Утратила ли я себя? Предложи мне кто-нибудь истинную роскошь, я бы, несомненно, поддалась искушению.
– У Паджетта и его собратьев по пиратскому цеху Рокфеллера и Гулда у каждого больше денег в банке, чем половина всей казны США! А теперь посмотри туда.
Она указала рукой на обочину путей, где повсюду как подснежники были раскиданы белые палатки.
– Это убожество компания Паджетта называет бесплатным жильем. Вот в каких роскошных условиях обитают рабочие карьера и железной дороги. Не защищенные от разгула стихий, не знающие, куда преклонить голову ночью. Их заставят жить в этом поселке даже зимой. Остановите-ка повозку на минуту.
Миссис Джонс соскочила. Мужчины, работавшие на путях, сняли свои островерхие соломенные шляпы, увидев ее приближение.
– Приходите завтра вечером, – сказала она им. – Все вы, парни. Вылезайте из палаток и готовьтесь к битве.
Она вынула листовки и раздала им. Один из парней перевел текст на язык, звучавший для моего уха ужасно странно. Рабочие расплылись в улыбках, стали благодарить по-иностранному, покачиваясь и кланяясь. Дженкинс уставился на них во все глаза. И я тоже. Удивительно, когда встречаешь у своего порога людей со всего света. Может, однажды я объеду весь мир, как Нелли Блай, и стану известной, описав свои приключения для газет.

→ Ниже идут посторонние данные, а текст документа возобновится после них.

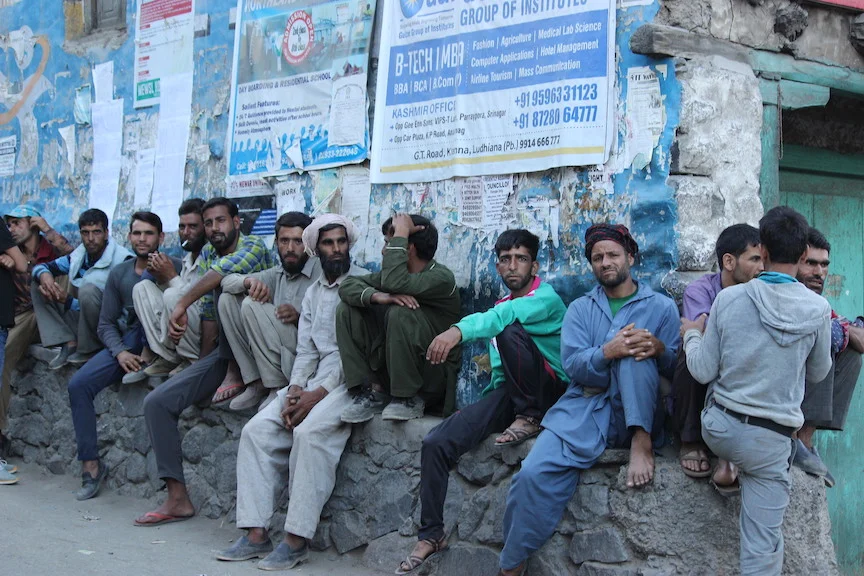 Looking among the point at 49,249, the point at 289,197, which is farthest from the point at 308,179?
the point at 49,249

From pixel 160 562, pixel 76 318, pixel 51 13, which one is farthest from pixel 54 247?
pixel 160 562

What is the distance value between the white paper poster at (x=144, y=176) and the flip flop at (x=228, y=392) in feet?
7.58

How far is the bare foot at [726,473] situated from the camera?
4.40 m

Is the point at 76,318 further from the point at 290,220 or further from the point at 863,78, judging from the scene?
the point at 863,78

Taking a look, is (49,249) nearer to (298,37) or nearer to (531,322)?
(298,37)

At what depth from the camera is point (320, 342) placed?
240 inches

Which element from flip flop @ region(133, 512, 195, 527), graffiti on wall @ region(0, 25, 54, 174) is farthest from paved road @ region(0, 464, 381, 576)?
graffiti on wall @ region(0, 25, 54, 174)

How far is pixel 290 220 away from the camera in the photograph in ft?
21.2

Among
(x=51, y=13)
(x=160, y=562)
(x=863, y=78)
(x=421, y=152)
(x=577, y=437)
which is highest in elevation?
(x=51, y=13)

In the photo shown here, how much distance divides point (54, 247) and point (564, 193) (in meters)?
4.74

– Приходите на собрание! – крикнула миссис Джонс, когда мы стали удаляться от рабочих.
– Неа, матушка, зачем нам эти китаезы и другие инострашки, – заявил Дженкинс.
– Прошу прощения? – уставилась на него миссис Джонс.
Я не стала пояснять его бормотание, она поняла все без труда.
– Во-первых, эти рабочие не китайцы, а японцы. И у вас общие беды. – Она отчитывала Дженкинса как учительница: когда-то она ею и была. Но обучала она его предметам, которых нет в школе. – Так что пусть вступают в профсоюз. Почему вы боитесь того, что они сплотятся? Если вы настоящие американцы, вы скажете Паджеттам, что нация требует защищать всех рабочих от эксплуатации их труда.
– Хей-хей-хей, дамочка, – вытянул руку Дженкинс, чтобы остановить поток ее слов. – Незачем так беситься.
– Эти парни тебе не враги, сынок, – сказала она. – Ты сам знаешь, кто враг.
Я не знала, кто враги Дженкинса, зато у меня был свой личный список: Джуно Тарбуш, Харольд Смайли, полковник Боулз и герцог Паджетт. А еще Карамелька. Был ли в списке Джейс? На мгновение добряк Джордж Лонаган отвлек меня остротами и мороженым, но я еще видела радужные картинки про Джейса. Тот не был моим противником, но не был и другом.
В конюшне Каменоломен Дженкинс распряг лошадей. Миссис Джонс стояла в повозке и передавала мне пачки газет. Потом скинула вниз ящик с сорока фунтами картофеля, мешки с кукурузной крупой и другой провиант для общежития.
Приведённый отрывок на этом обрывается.